Added: Yes, the question came from a woman in the audience, but it was stupid and sexist.
Added update:
Maria Luisa, the UNLV student who asked Hillary Clinton whether she preferred "diamonds or pearls" at last night's debate wrote on her MySpace page this morning that CNN forced her to ask the frilly question instead of a pre-approved query about the Yucca Mountain nuclear waste repository.
"Every single question asked during the debate by the audience had to be approved by CNN," Luisa writes. "I was asked to submit questions including "lighthearted/fun" questions. I submitted more than five questions on issues important to me. I did a policy memo on Yucca Mountain a year ago and was the finalist for the Truman Scholarship. For sure, I thought I would get to ask the Yucca question that was APPROVED by CNN days in advance."
Your media at work...
5 comments:
No pearl necklace/Monica Lewinsky jokes then?
What a mess those "debates" are!
It just plain moronic, but I'm assuming the questioner went for a laugh rather than substance.
I think this is the equivalent of the "boxers or briefs" question posed to then-candidate Bill Clinton when he was on that stupid MTV question-and-answer show in 1991 or '92.
And, it's not as if I wouldn't be sort of interested to hear what HC would choose: diamonds or pearls - and why, at some appropriate point. It's just that any candidates opinion on such fluff is not important given the myriad of problems facing our country today. Tell me about a universal health-care plan for ALL Americans, a plan for reversing our preemptive force doctrine, a plan for restoring diplomacy as our first means in foreign policy, a plan for restoring habeaus corpus and an affirmation of the rights enshrined to all citizens of the world in the Geneva convention, a real plan for national security that focuses on port security, a plan for energy security - specifically in regards to alternative/sustainable energy sources, a plan for reinstituting the "fairness doctrine" into public policy, a plan for a plan for revamping opportunities for education, a plan for re-instituting checks and balances into our government; tell me about plans to reduce government corruption and fraudulent cronyism, or a plan for instituting real telecomm and privacy security for the American public, plans to rebuild the American dollar or plans to rebuild the image of America around the world (without the vapidity of Karen Hughes).
Tell me all of that, down to the last nut-n-bolt detail. It'll take longer than a 10-second soundbite, trust me. And then, after all that, then I'll maybe know you well enough to care about your opinion on diamonds v. pearls, boxer v. briefs, or thongs v. crotchless.

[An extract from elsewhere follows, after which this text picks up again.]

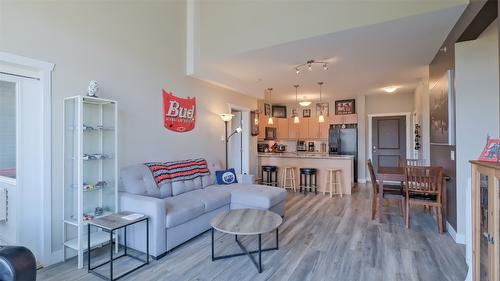 407-130 Barber Road, Kelowna, BC - Indoor Photo Showing Living Room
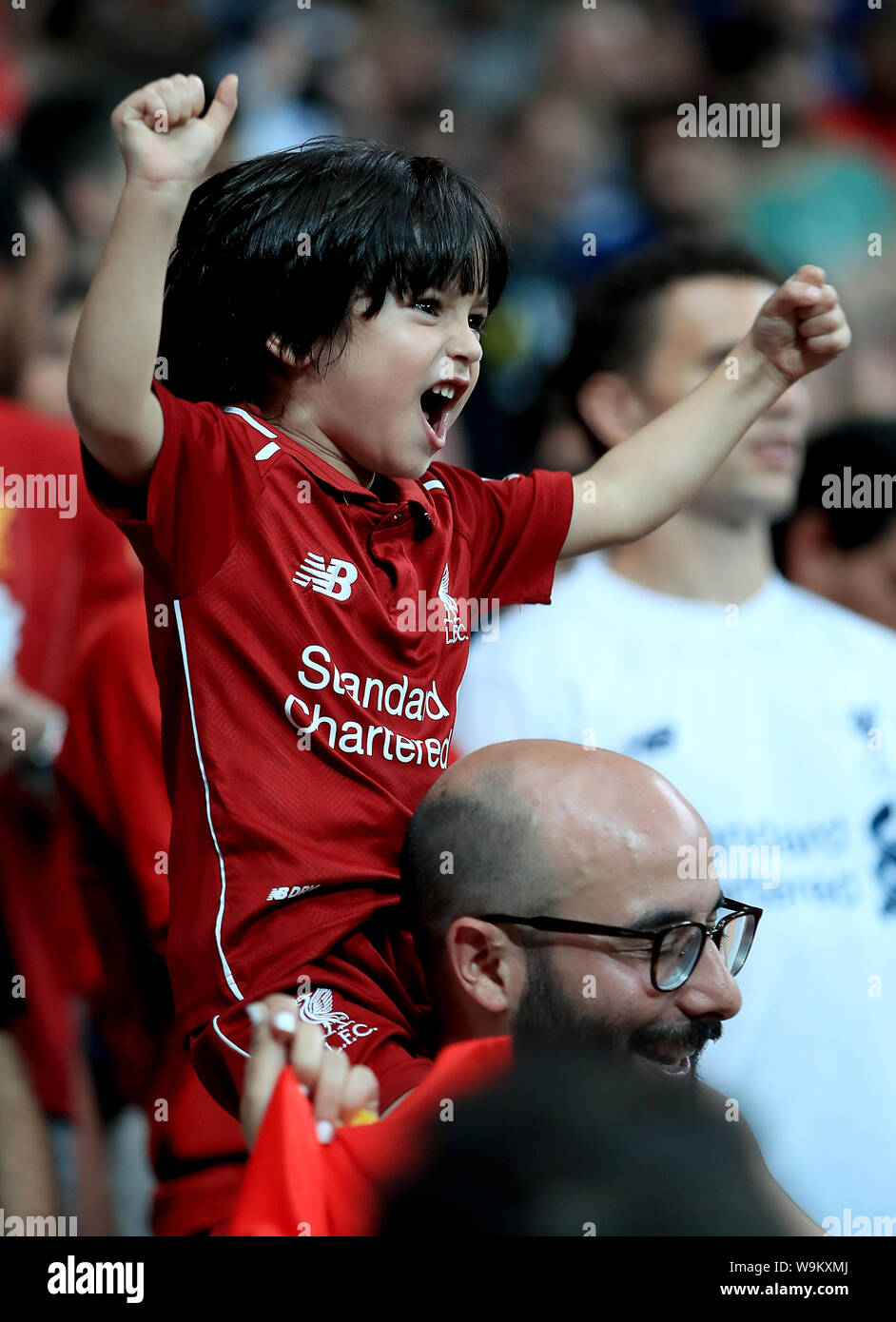 Eine junge Liverpool Fan auf der Tribüne während der UEFA Super Cup Finale bei Besiktas, Istanbul. Stockfoto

Until then, don't bother dignifying idiotic questioners with an answer.
A-and, as a follow-up, I just heard on CNN that the questioner was told to ask that question by CNN. If so, shame on her for not asking her original question about Yucca Mtn. repository. But shame, death, and a life in hell everlasting for all CNN employees that participated in the debate for trying to rig the damn thing in the first place.
Bring back the League of Women Voters debates! At least they weren't so clearly cronyistic and one-sided.
I've updated the post with her statement.